To do
Since only part of the material below is wanted, output exactly the lines from the one with "Apple iPhone 14" up to and including the one with "Bolso Pierre Cardin".

Supplied information
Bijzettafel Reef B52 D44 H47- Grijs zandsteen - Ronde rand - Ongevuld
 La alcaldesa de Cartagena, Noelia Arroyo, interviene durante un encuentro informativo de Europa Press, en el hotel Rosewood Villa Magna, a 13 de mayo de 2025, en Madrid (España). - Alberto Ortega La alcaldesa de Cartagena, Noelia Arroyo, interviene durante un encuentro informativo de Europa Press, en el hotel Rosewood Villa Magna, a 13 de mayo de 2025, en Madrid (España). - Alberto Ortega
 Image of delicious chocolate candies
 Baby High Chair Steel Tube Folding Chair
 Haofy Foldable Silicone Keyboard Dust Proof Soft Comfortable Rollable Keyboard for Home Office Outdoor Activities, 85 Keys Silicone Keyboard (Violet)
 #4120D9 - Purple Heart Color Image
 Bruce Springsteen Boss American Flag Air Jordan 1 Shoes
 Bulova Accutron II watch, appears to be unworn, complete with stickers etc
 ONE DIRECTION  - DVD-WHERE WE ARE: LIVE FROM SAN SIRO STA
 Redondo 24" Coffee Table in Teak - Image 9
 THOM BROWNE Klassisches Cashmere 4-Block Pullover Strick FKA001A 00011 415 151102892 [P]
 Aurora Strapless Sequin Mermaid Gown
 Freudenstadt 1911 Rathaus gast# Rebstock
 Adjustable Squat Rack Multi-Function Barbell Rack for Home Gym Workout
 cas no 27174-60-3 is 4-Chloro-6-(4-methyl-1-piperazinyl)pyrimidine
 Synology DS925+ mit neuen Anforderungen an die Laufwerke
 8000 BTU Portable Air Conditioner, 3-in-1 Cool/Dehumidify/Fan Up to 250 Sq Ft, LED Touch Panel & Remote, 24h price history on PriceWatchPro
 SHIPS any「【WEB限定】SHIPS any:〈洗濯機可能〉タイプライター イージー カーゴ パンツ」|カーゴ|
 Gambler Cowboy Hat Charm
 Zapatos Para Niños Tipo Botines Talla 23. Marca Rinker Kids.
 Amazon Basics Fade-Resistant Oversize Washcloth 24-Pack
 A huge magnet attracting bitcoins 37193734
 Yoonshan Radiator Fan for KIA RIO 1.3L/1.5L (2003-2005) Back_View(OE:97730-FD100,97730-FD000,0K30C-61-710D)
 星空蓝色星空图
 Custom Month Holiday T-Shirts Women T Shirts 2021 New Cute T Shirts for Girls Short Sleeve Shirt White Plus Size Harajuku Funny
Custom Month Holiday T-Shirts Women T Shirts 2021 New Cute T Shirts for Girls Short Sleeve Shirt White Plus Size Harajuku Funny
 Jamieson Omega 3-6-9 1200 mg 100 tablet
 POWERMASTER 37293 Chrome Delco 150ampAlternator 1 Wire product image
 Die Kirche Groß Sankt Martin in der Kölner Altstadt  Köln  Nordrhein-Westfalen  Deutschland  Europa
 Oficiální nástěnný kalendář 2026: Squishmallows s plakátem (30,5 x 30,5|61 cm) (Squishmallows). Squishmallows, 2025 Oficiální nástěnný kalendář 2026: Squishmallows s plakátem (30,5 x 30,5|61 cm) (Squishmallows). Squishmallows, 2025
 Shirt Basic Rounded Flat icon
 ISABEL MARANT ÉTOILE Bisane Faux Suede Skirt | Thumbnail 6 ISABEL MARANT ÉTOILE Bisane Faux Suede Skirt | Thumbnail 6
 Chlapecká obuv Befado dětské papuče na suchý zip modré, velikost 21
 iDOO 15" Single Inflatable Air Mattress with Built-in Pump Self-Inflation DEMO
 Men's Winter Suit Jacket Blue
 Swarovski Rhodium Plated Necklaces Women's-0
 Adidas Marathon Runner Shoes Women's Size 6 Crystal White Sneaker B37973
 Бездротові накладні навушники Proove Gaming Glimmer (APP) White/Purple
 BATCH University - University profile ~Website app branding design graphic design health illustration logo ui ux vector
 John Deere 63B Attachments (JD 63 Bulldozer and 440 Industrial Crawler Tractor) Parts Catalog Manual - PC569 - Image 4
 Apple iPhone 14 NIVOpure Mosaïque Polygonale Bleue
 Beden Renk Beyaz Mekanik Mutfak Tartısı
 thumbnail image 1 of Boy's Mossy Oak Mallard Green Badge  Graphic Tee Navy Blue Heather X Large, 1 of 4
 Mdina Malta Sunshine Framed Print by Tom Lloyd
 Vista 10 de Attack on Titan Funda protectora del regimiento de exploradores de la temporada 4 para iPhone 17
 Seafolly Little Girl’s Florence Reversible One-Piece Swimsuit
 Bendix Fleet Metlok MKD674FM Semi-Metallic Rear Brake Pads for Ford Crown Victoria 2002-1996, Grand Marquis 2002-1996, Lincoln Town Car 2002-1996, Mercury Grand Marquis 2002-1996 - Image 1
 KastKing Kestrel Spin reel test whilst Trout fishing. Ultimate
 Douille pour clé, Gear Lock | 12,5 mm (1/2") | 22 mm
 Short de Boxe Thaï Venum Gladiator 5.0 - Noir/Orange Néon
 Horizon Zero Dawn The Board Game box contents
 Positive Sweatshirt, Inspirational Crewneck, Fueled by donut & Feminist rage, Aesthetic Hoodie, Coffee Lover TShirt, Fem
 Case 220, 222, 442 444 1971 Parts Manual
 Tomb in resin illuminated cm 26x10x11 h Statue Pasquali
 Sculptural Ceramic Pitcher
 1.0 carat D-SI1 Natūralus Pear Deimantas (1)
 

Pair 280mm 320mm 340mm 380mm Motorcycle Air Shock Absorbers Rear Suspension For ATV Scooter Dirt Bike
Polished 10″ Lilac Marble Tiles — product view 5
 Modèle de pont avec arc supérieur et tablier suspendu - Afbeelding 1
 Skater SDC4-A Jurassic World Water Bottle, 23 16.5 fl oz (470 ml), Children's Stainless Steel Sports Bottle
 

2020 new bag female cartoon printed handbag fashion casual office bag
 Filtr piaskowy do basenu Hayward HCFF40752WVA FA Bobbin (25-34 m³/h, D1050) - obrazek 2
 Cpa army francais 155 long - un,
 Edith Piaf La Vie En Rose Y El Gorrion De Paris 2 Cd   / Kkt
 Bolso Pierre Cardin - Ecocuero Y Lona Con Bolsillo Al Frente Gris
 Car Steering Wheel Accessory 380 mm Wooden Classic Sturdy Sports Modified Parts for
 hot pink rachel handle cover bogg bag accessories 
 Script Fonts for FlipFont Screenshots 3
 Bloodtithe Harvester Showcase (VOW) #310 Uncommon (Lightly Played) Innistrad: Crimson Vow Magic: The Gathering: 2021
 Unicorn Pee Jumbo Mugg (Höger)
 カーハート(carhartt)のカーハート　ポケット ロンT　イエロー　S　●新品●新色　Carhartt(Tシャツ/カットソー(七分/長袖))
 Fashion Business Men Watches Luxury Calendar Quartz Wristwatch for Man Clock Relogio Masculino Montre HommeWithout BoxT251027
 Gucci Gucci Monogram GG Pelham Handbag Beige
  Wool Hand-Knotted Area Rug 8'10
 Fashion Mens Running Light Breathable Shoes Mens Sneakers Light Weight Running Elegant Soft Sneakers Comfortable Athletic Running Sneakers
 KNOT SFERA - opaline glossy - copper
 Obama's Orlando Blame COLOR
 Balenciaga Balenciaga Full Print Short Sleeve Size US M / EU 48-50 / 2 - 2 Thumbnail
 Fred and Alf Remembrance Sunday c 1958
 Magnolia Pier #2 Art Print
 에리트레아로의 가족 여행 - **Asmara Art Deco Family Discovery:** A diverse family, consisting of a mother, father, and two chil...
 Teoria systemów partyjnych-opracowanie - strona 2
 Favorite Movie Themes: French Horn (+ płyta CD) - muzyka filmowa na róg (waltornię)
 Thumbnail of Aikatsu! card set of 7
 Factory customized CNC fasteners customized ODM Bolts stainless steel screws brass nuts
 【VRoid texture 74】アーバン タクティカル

Written answer
 Apple iPhone 14 NIVOpure Mosaïque Polygonale Bleue
 Beden Renk Beyaz Mekanik Mutfak Tartısı
 thumbnail image 1 of Boy's Mossy Oak Mallard Green Badge  Graphic Tee Navy Blue Heather X Large, 1 of 4
 Mdina Malta Sunshine Framed Print by Tom Lloyd
 Vista 10 de Attack on Titan Funda protectora del regimiento de exploradores de la temporada 4 para iPhone 17
 Seafolly Little Girl’s Florence Reversible One-Piece Swimsuit
 Bendix Fleet Metlok MKD674FM Semi-Metallic Rear Brake Pads for Ford Crown Victoria 2002-1996, Grand Marquis 2002-1996, Lincoln Town Car 2002-1996, Mercury Grand Marquis 2002-1996 - Image 1
 KastKing Kestrel Spin reel test whilst Trout fishing. Ultimate
 Douille pour clé, Gear Lock | 12,5 mm (1/2") | 22 mm
 Short de Boxe Thaï Venum Gladiator 5.0 - Noir/Orange Néon
 Horizon Zero Dawn The Board Game box contents
 Positive Sweatshirt, Inspirational Crewneck, Fueled by donut & Feminist rage, Aesthetic Hoodie, Coffee Lover TShirt, Fem
 Case 220, 222, 442 444 1971 Parts Manual
 Tomb in resin illuminated cm 26x10x11 h Statue Pasquali
 Sculptural Ceramic Pitcher
 1.0 carat D-SI1 Natūralus Pear Deimantas (1)
 

Pair 280mm 320mm 340mm 380mm Motorcycle Air Shock Absorbers Rear Suspension For ATV Scooter Dirt Bike
Polished 10″ Lilac Marble Tiles — product view 5
 Modèle de pont avec arc supérieur et tablier suspendu - Afbeelding 1
 Skater SDC4-A Jurassic World Water Bottle, 23 16.5 fl oz (470 ml), Children's Stainless Steel Sports Bottle
 

2020 new bag female cartoon printed handbag fashion casual office bag
 Filtr piaskowy do basenu Hayward HCFF40752WVA FA Bobbin (25-34 m³/h, D1050) - obrazek 2
 Cpa army francais 155 long - un,
 Edith Piaf La Vie En Rose Y El Gorrion De Paris 2 Cd   / Kkt
 Bolso Pierre Cardin - Ecocuero Y Lona Con Bolsillo Al Frente Gris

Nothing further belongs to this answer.